• [INPUT DATA]
- - -

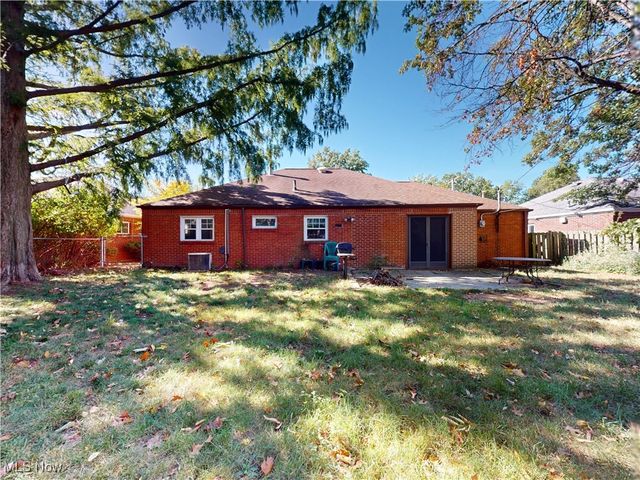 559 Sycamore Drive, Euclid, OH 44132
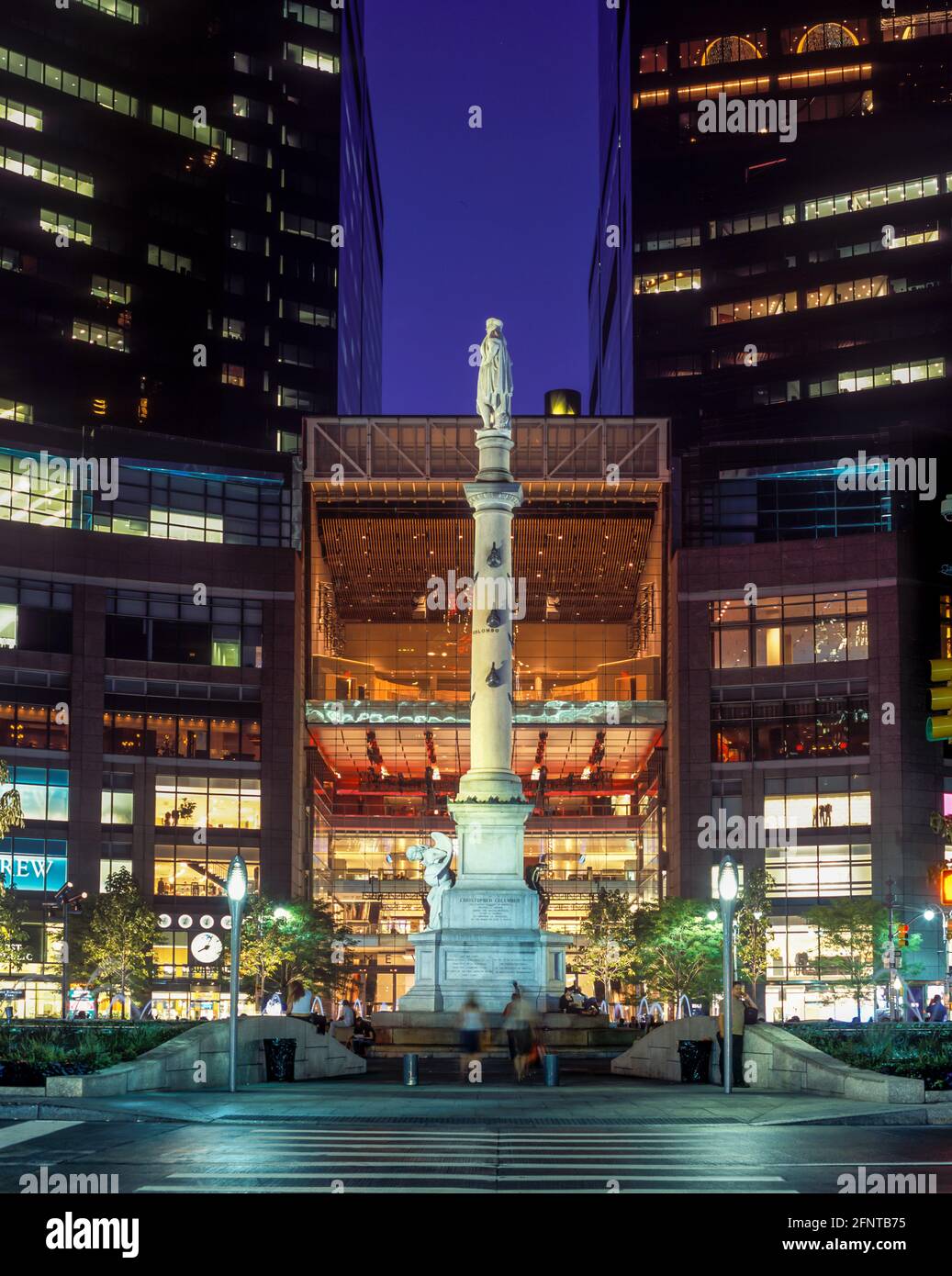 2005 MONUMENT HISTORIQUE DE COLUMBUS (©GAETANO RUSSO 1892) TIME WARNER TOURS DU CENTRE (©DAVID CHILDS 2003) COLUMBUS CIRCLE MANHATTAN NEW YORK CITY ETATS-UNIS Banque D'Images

- - -

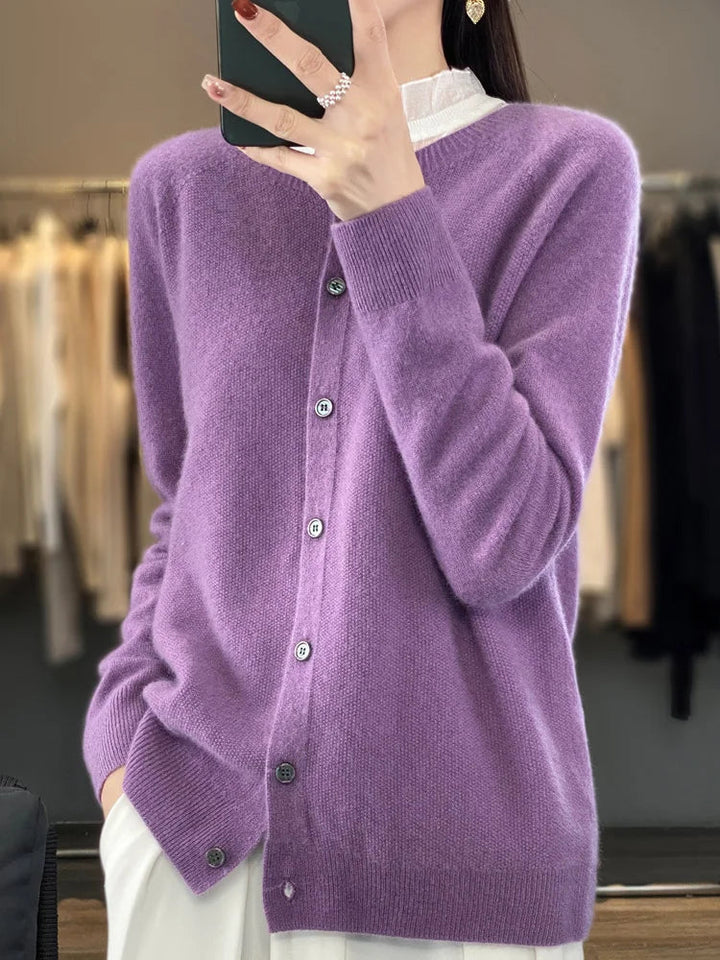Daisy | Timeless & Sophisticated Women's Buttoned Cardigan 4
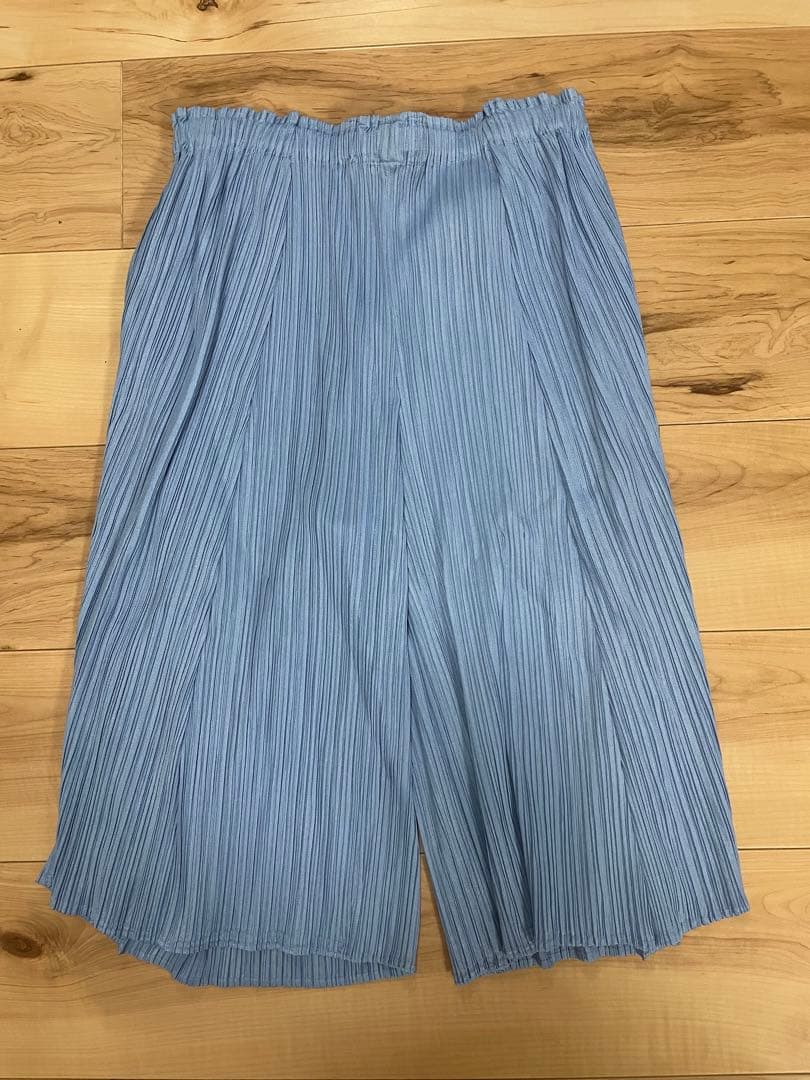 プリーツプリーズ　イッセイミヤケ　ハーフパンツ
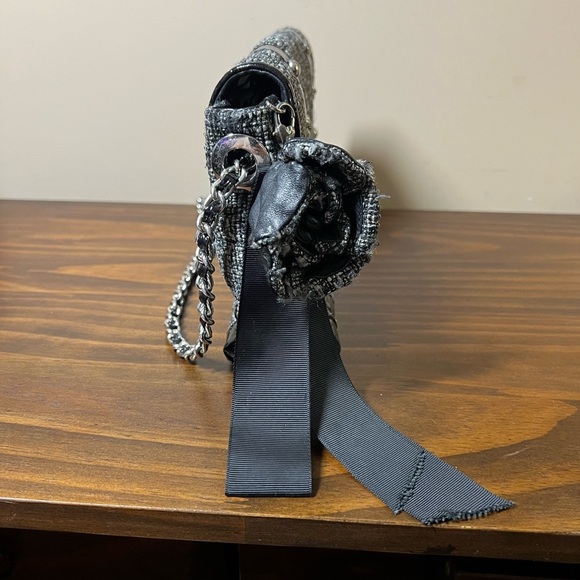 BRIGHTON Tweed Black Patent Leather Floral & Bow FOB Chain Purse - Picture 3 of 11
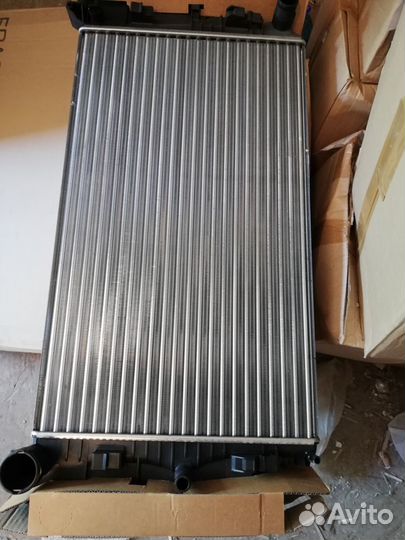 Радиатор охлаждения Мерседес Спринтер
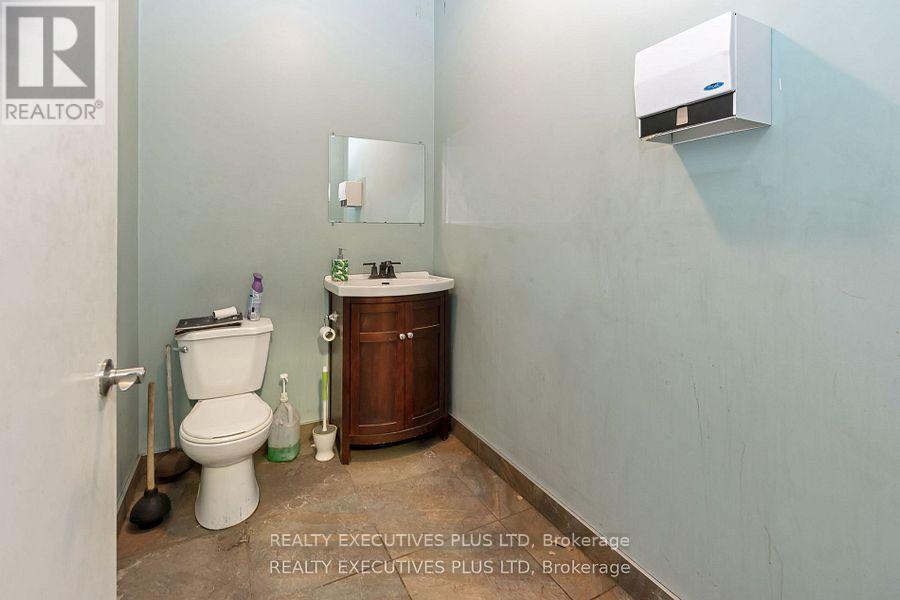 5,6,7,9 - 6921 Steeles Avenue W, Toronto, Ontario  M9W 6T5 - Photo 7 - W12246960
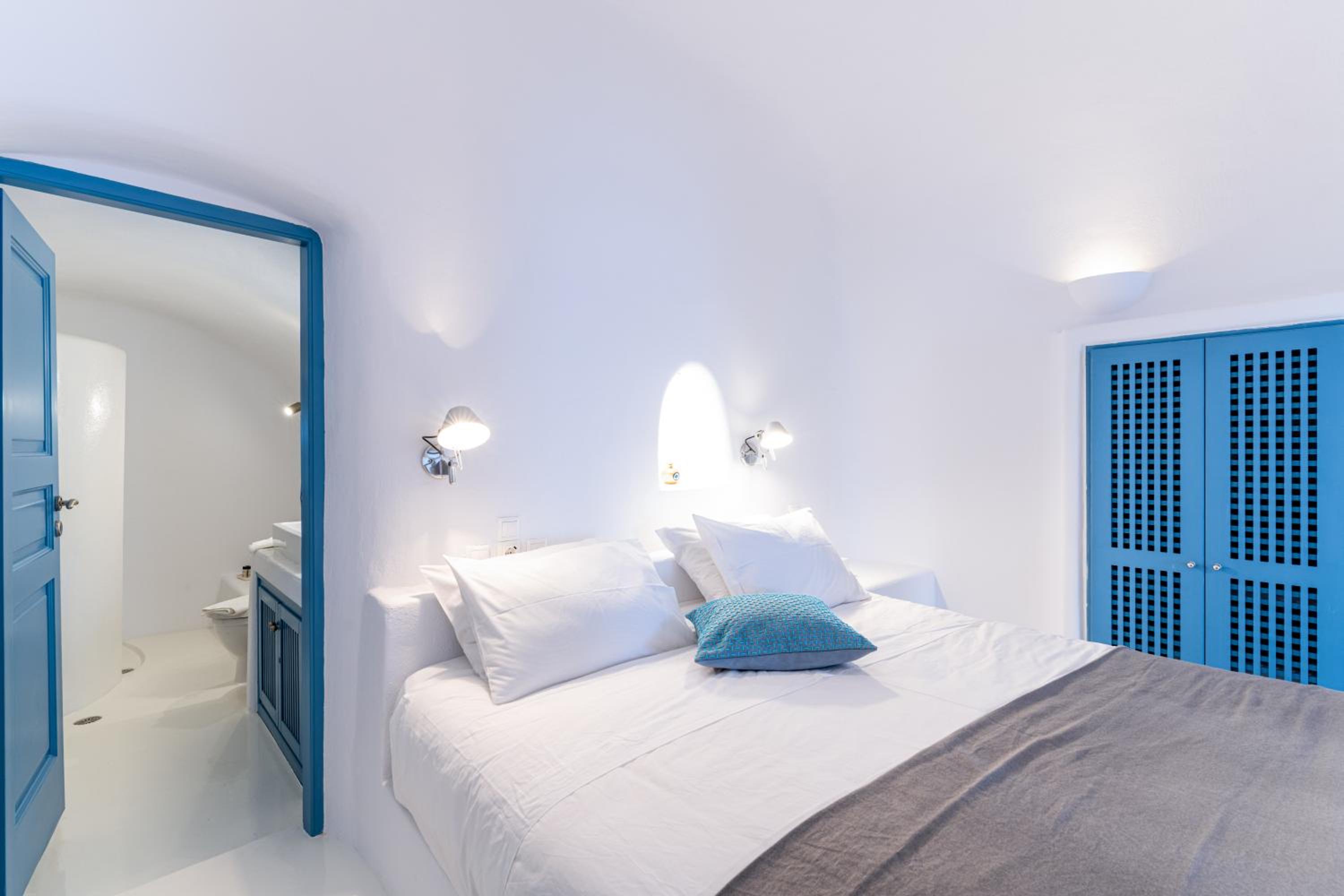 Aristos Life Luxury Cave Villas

- - -

• [TASK REQUIREMENTS]
Work from the entries above. Set down exactly and only the lines from the line with "559 Sycamore Drive, Euclid, OH 44132" to the line with "2005 MONUMENT HISTORIQUE", both included, and leave the pictures out.

• [ANSWER AREA]
 559 Sycamore Drive, Euclid, OH 44132
 2005 MONUMENT HISTORIQUE DE COLUMBUS (©GAETANO RUSSO 1892) TIME WARNER TOURS DU CENTRE (©DAVID CHILDS 2003) COLUMBUS CIRCLE MANHATTAN NEW YORK CITY ETATS-UNIS Banque D'Images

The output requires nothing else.